Ryzyko regulacyjne w UE jest przede wszystkim związane z systemami arbitralnych dopłat do preferowanych technologii (dopłaty te mogą być arbitralnie zmienione) a także z niepewnością dotyczącą cen uprawnień do emisji dwutlenku węgla, które dzisiaj kosztują około 7 euro za tonę, a przed rokiem kosztowały zaledwie 3 euro. Powód wzrostu ceny? Wzmożony popyt związany z ostatnimi decyzjami w zakresie polityki klimatycznej (40% cel redukcji emisji CO2 do 2030 roku, a także oczekiwanie na rozpoczęcie procesu wycofania części uprawnień z rynku) oraz opieszałość decydentów unijnych w przekazywaniu firmom emitującym duże ilości gazów cieplarnianych darmowych praw do emisji za ubiegły rok. W związku z tym firmy tworzą rezerwy, by w razie czego kupić je na rynku. Konia z rzędem temu, kto przewidzi ścieżkę tych cen w horyzoncie budowy i życia elektrowni (20-30 lat), zwłaszcza w sytuacji, gdy rozpoczęła się debata nad kształtem Europejskiej Unii Energetycznej, która ma być wehikułem koordynacji bezpieczeństwa dostaw energii jak i krajowych polityk energetycznych. Nic dziwnego, że część koncernów energetycznych decyduje się lokalizować swoje elektrownie poza terytorium UE. Inne często sięgają po dopłaty, które w ostatecznym rachunku podnoszą koszty energii.

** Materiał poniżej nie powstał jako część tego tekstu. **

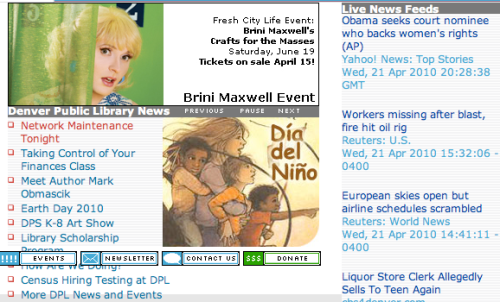 Screenshot of center of DPL website home page.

Co można zrobić? Trzeba jak najszybciej zdecydować się na mądra politykę przemysłową, sprzyjającą innowacyjności metodami, które nie typują zwycięzców. Zacząć trzeba od wizji rozwoju gospodarki UE i jej miejsca w świecie a następnie wygospodarować środki na finansowanie ukierunkowanych badań i… czekać na efekty. Jeśli wszystko pójdzie dobrze, pojawią się w najmniej oczekiwanym czasie i miejscu. Innowacje mają bowiem to do siebie, że lubią nas zaskakiwać.